Friday, November 16, 2018

Great Post on Using Small Sample Sizes to Make Decisions

It's been a busy month with little time for blogging, but I'm planning to get back on track soon. For now, here's a great post on the benefits of using small samples to inform decisions:
When it comes to statistics, there are a lot of misconceptions floating around. Even people who have scientific backgrounds subscribe to some of these common misconceptions. One misconception that affects measurement in virtually every field is the perceived need for a large sample size before you can get useful information from a measurement.

[I]f you can learn something useful using the limited data you have, you’re one step closer to measuring anything you need to measure — and thus making better decisions. In fact, it is in those very situations where you have a lot of uncertainty, that a few samples can reduce uncertainty the most. In other words, if you know almost nothing, almost anything will tell you something.
The article describes two approaches - the rule of five (taking a random sample of 5 to draw conclusions) or the urn of mystery (that a single case from a population can tell you more about the makeup of that population). The rule of five seems best when trying to get a continuous value (such as, in the example from the post, the average commute time of workers in a company), while the urn of mystery seems best when trying to determine if a population is predominantly one of two types (in the post, the example is whether an urn of marbles contains predominantly marbles of a certain color).
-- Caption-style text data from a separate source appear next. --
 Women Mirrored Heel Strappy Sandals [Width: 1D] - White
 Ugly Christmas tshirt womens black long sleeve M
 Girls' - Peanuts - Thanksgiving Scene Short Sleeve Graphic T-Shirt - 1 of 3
Obviously, there are times when you need more data. But if you're far better off making decisions with data (even very little) than with none at all.

1 comment:

  1. I appreciated the link to Hubbard's blog post. His work is new to me.

    Per his article, I'm not sure I want to trust most conclusions derived from 5:10,000 people, or in such an instance say I know more about whatever topic is under investigation than I did prior to the "analysis." I believe the danger arises when that's all (or most) of the quantitative information incorporated in a decision-making process, or when those 5 people/sources don't meet the criterion of strict random selection--which Hubbard points out is not a high probability event when humans do the picking. I doubt, for example, that picking 5 Facebook posts about a specific topic (e.g., human-caused climate change) is likely to tell me much about the median "factfulness" of 10,000 Facebook posts on that topic.
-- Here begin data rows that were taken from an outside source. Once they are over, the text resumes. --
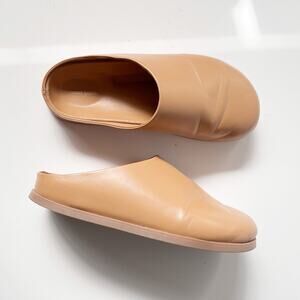 Mansur Gavriel Leather Slippers Tan Mules Minimalist Slip On Clogs Sand Size 39
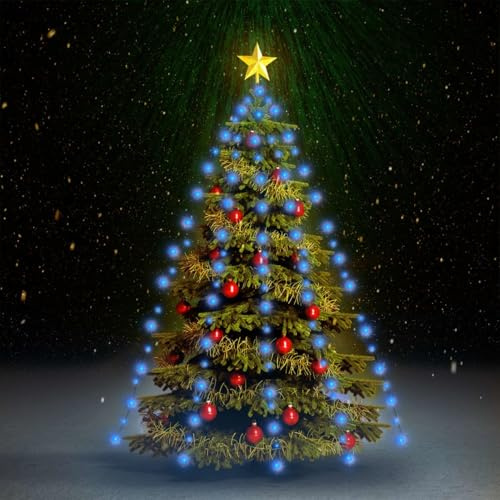 vidaXL Red de Luces de Árbol de Navidad, Adorno Luminoso con 180 Leds, Luces Decorativas para Árboles de Navidad Fiestas, Azul 180 cm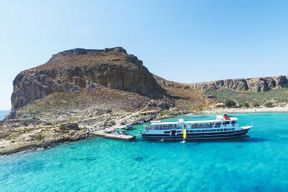 Depuis le port de Kissamos : croisière en bateau vers la lagune de Balos et Gramvousa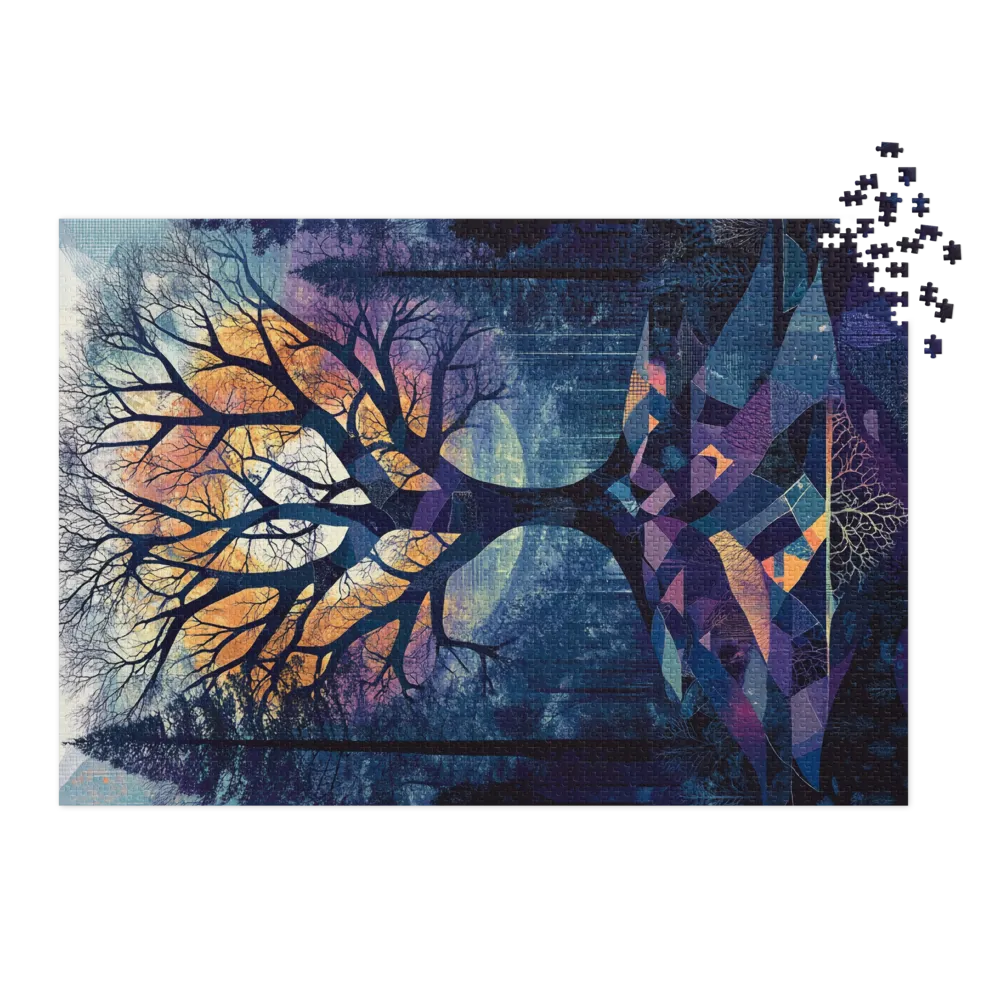 Surreal Digital Tree in Forest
    There are more than a few politicians who already use numbers inanely. They justify their pronouncements even though they "know almost nothing [while asserting] almost anything will tell you something." I prefer politicians (or others; think trolls) not add to the chaos. All that accomplishes is reduction of the utility of valid inferences drawn from carefully selected samples (see

    Overall, I would say Hubbard's antecedent ("[I]f you can learn something useful using the limited data you have ...") has, in practice, a limited degree of attachment to the consequent ("thus making better decisions.") I fear most people blithely leave out the middle step ("you're one step closer to measuring anything you need to measure.")

    In another vein, here's a quote from a comment on an article (about the utility of numbers and judgment in science, interestingly) linked to via Andrew Gelman's blog yesterday. I thought you might enjoy it: "For a lot of people writing is an agony; it’s a part of what we do as scholars that they least enjoy. For me writing is a complete and total joy, and if I’m not writing I’m miserable. I have always written a lot. For years, before I wrote for The New Yorker, I wrote an op-ed every day as practice and shoved it in a drawer. It’s not about being published, it’s about the desire to constantly be writing. It’s such a strongly felt need that if it was something socially maladaptive it would be considered a vice." Jill Lepore.

    Thanks for blogging,